One White House official, granted anonymity to candidly discuss the tensions, said Rollins and her team disputed other advisers who said “more imports across the Southern border were safe and the plan to contain the screwworm would work.”
Kevin Shea, former administrator of USDA’s Animal and Plant Health Inspection Service, said that keeping the border closed could work against efforts to fight the spread of screwworm. Commercial cattle are closely inspected by state and federal officials for the pest and other animal diseases, but the absence of an authorized pathway increases the economic incentive to smuggle cattle that are more likely to carry the pest undetected.
“If you’re looking for zero risk, or concerned about appearance, I can understand why the decision would be made [to close the border],” Shea said. “But from a pure science standpoint, there could be restrictions put in place for [safe movement].”
Before the border’s closure, U.S. importers typically brought in young cattle from Mexico and sent them to feedlots across the Southwest where they were fattened for slaughter.
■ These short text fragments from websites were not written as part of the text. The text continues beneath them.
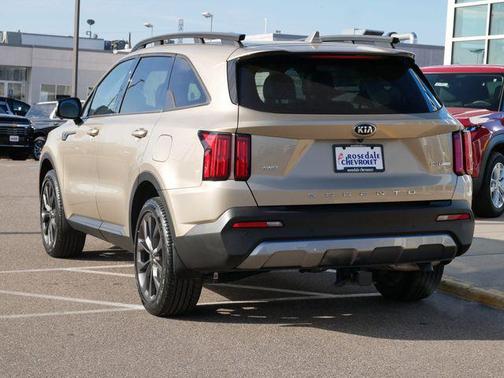 Crystal Beige 2021 Kia Sorento SX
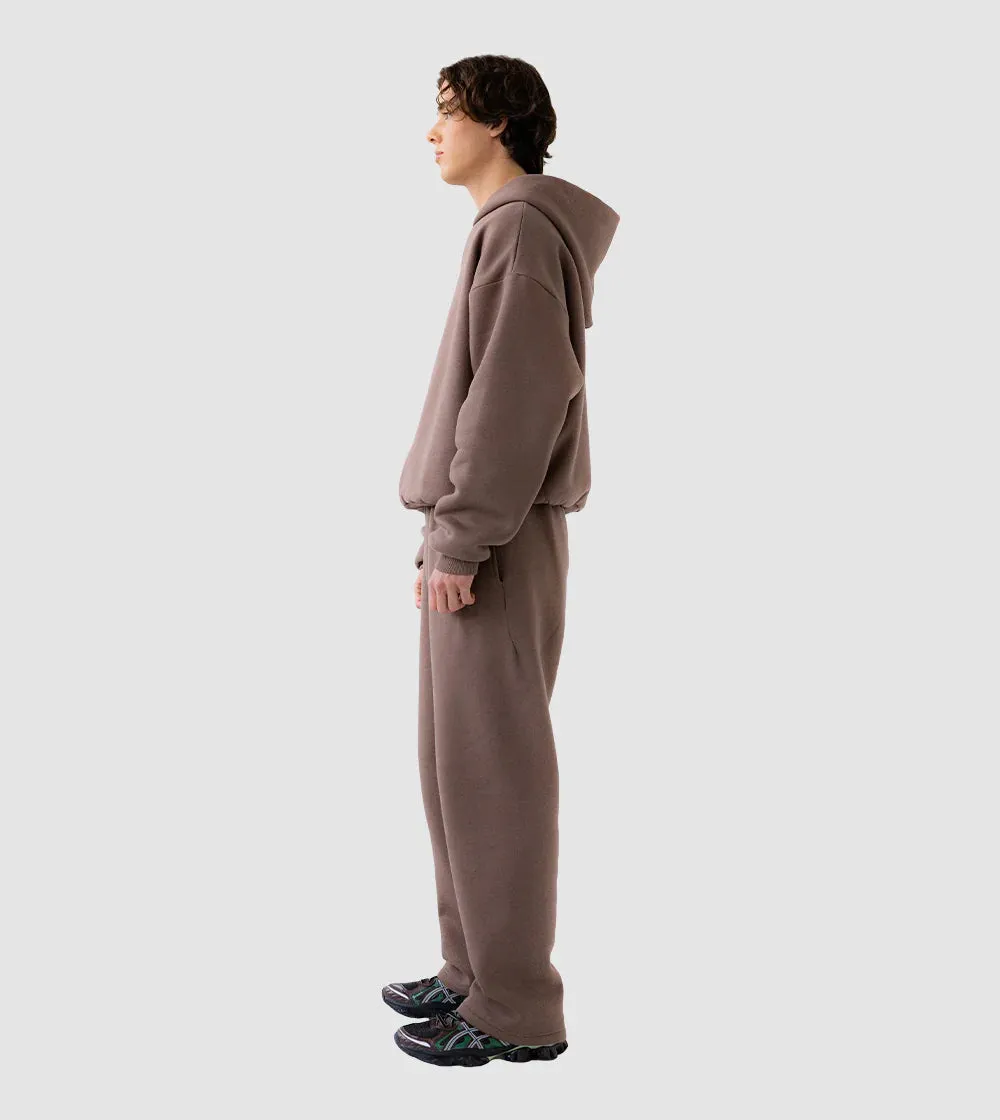 Zip Hoodie November Brown | Perplex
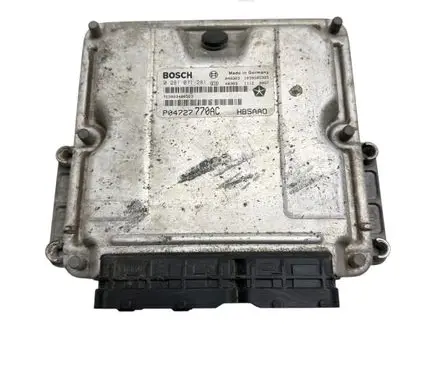 Chrysler Grand Voyager IV Engine control unit/module P04727770AC 1039S05385 0281011281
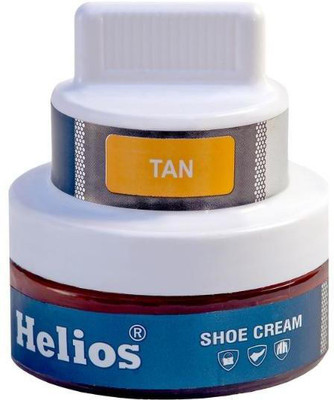 Helios Shoe - 48 GM With Applicator Patent Leather Shoe Cream(Tan)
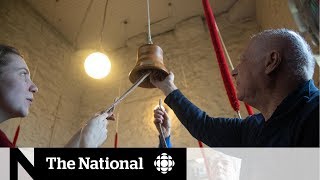 Church bell ringers keep tradition alive [upl. by Adnertal360]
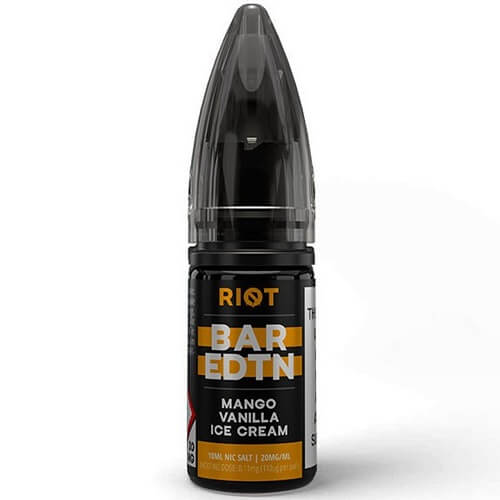 Riot Bar EDTN 10ml Nic Salt E-Liquid - Pack of 10 - Vapeareawholesale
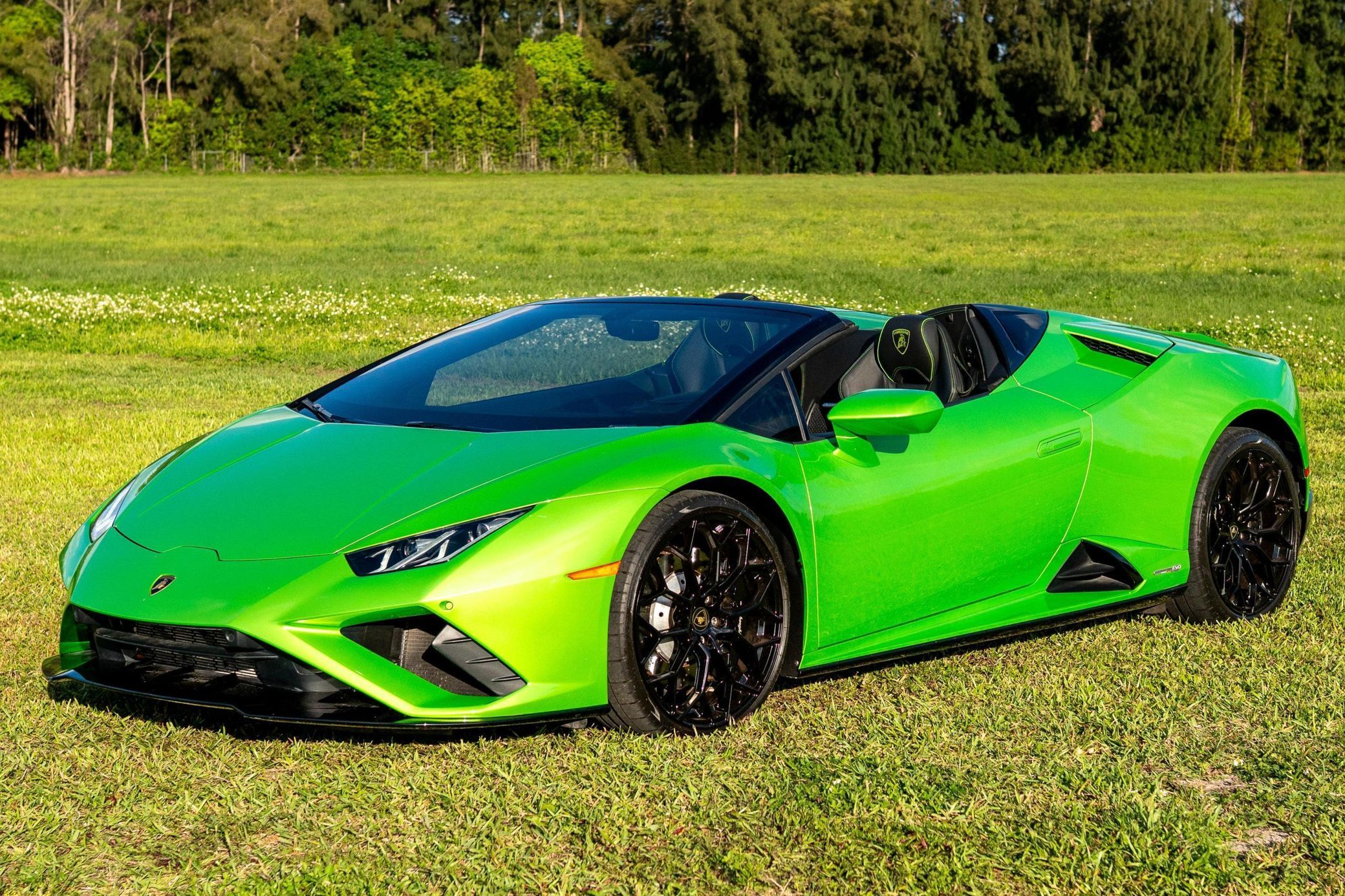 2021 Lamborghini Huracán EVO RWD Spyder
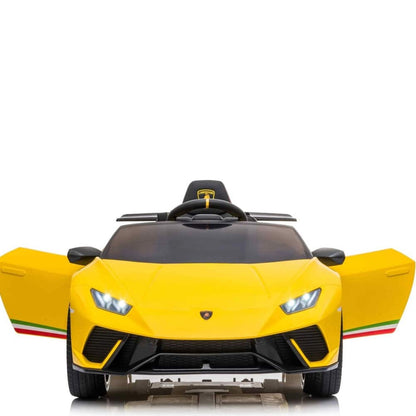 PREORDER 2026 Lamborghini Huracan Kids Electric Car 12V DELUXE Ride On with Remote Control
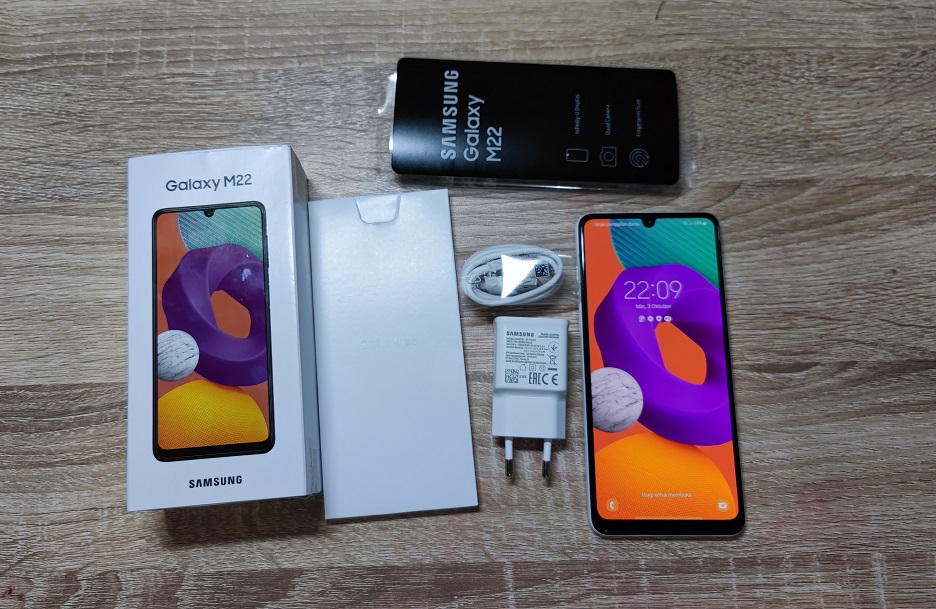Samsung Galaxy M22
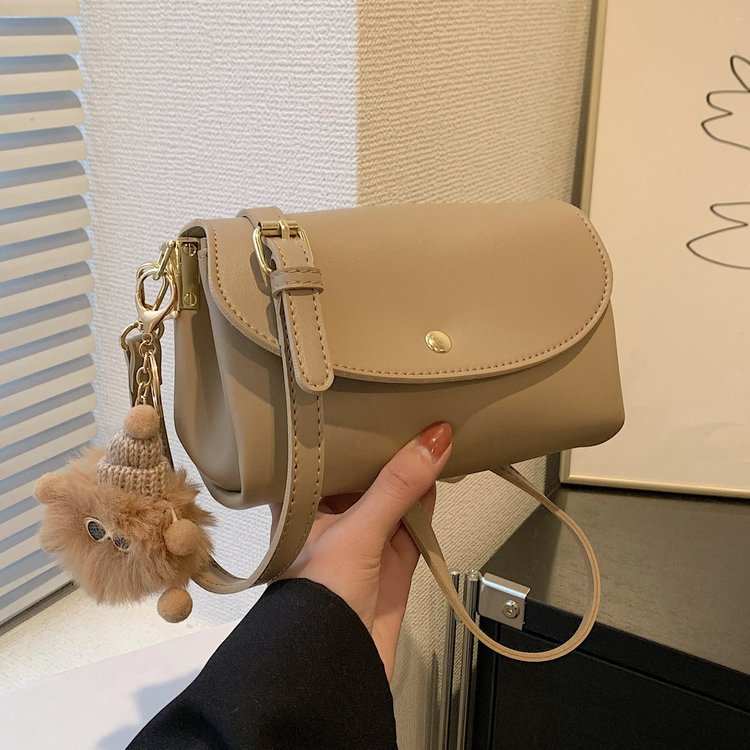 High-end small bag women's bag new texture autumn versatile single shoulder crossbody bag small square bag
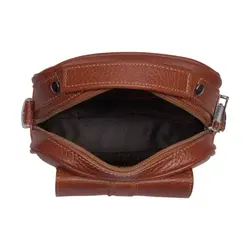 کیف دوشی چرم طبیعی آروین چرم کد AR-160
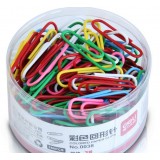 160pcs multi-colored paper clips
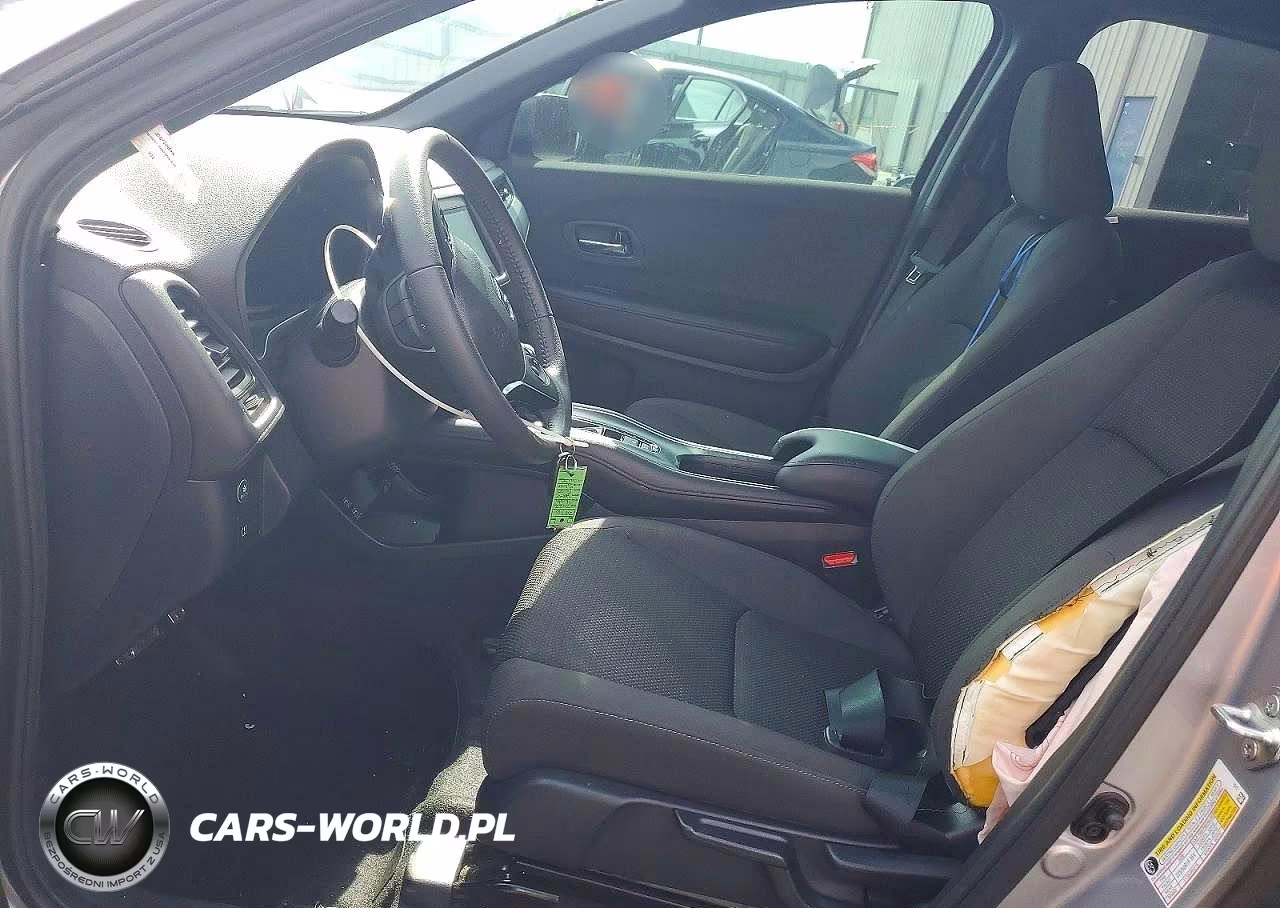 2022 Honda Hr-V Sport VIN:3CZRU5H19NM722751 - 7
The halting of those imports has tightened the domestic beef supply by reducing the number of cattle available for processing.
“Those feedlots are pretty empty,” Lane said. “Even though reopening the border would not return that same volume of cattle that have been there previously, it would sort of normalize that and probably have a bit of a psychological benefit as well in the markets.”
It’s also put Republicans on Capitol Hill on edge.
House Agriculture Chair G.T. Thompson (R-Pa.) has raised concerns that the closed border is prompting Mexico to boost its industry in ways that could hurt U.S. ranchers and beef producers.
“It’s important that we have frank conversations about returning to a sense of normalcy at the border,” Thompson told Rollins during a hearing last month. “They’re benefiting from U.S. genetics and taking inventory away from domestic producers.”
Beef producers have already cringed at the White House’s suggestions of increasing beef imports to bring consumer costs down. Greater competition from Mexican producers will only add to the stress.
“We could open it tomorrow, and most of the Mexican beef supply is gonna laugh at us and say, ‘We're selling you beef now. Why would we want to sell you the cattle?’” Loos said.
Industry leaders have emphasized that reopening the border will need to be accompanied by checkpoints and quarantine measures to prevent further screwworm spread. But they also note that wild animals and pets can transmit the disease regardless of whether livestock movement is held up.
“We have the screwworm anyway,” Loos said.
Marcia Brown contributed to this report.